A CONTRACT is an agreement between two or more persons, upon a sufficient consideration, to do or not to do a particular thing. To constitute a valid contract, or agreement, there must be1. The mutual assent of two or more persons competent to contract; an intelligent meeting of the minds of the parties.

2. A good and valid consideration, i. e., motive or inducing cause to make the promise upon which the party is to be held or charged.

3. A subject matter of the contract, i. e., a thing to be done, or omitted. And the thing agreed to be done must be one not forbidden by law; or, if the agreement be to omit or forbear from doing a certain thing, it must be a thing not enjoined or made a duty by law.
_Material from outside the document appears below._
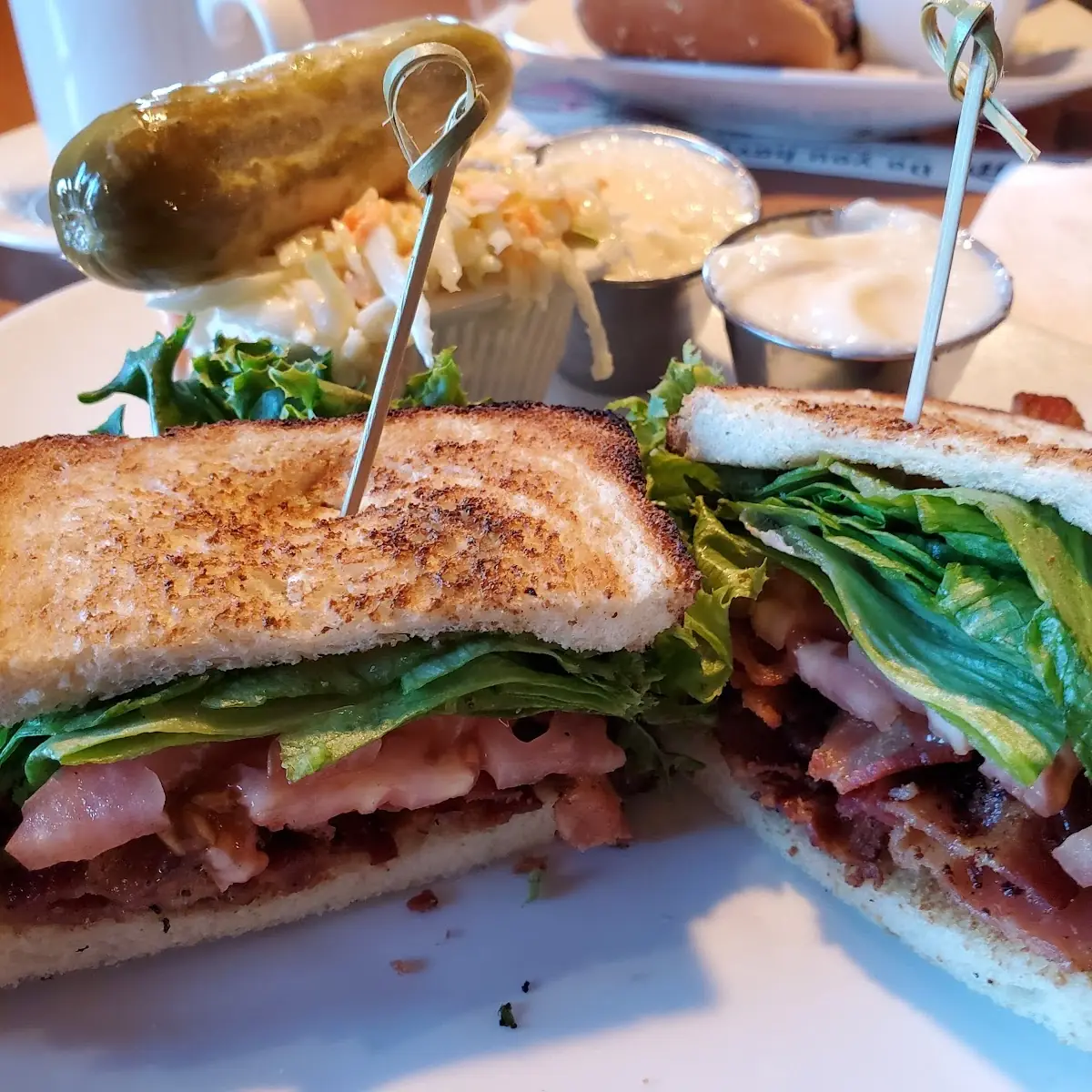 blt Sandwich with Coleslaw
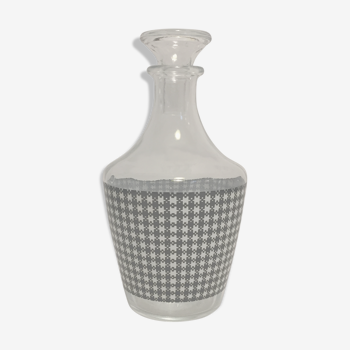 Hen's foot carafe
Contracts are divided into agreements by specialty, made by a written instrument under seal, and agreements without specialty, made either by a written instrument without a seal, or verbally without any writing. In practical effect, the only difference between a written contract without a seal and a mere verbal agreement is, that the former is more easily proved. In certain cases agreements by specialty are of higher consideration in the law than agreements without specialty; and it is therefore advisable for laymen, who are not supposed to know in what cases a seal may be dispensed with, and for what purposes it may be desirable, to add a seal whenever they draw their own contracts or act without legal advice.

In this state, a seal made of a foreign substance, and affixed to the document, is not necessary, and a stamp or impression

upon the paper is a good seal. A mere scrawl with a pen made upon the paper in the form of a seal, with the initials of the party written within the outline of the seal, has been held to be sufficient by the Supreme Court.

The essence of an agreement is the intelligent assent or union of the minds of the parties, and in its construction the actual intent of the parties is 'to be regarded. But, if the terms of the contract are clear, it will be binding even though contrary to the intention of the parties. For parol proof cannot be resorted to to modify the language of a written contract where it admits of a sensible construction. Only where there is a doubt or ambiguity in the terms of the written instrument, can parol proof or extrinsic circumstances be invoked to aid in its construction.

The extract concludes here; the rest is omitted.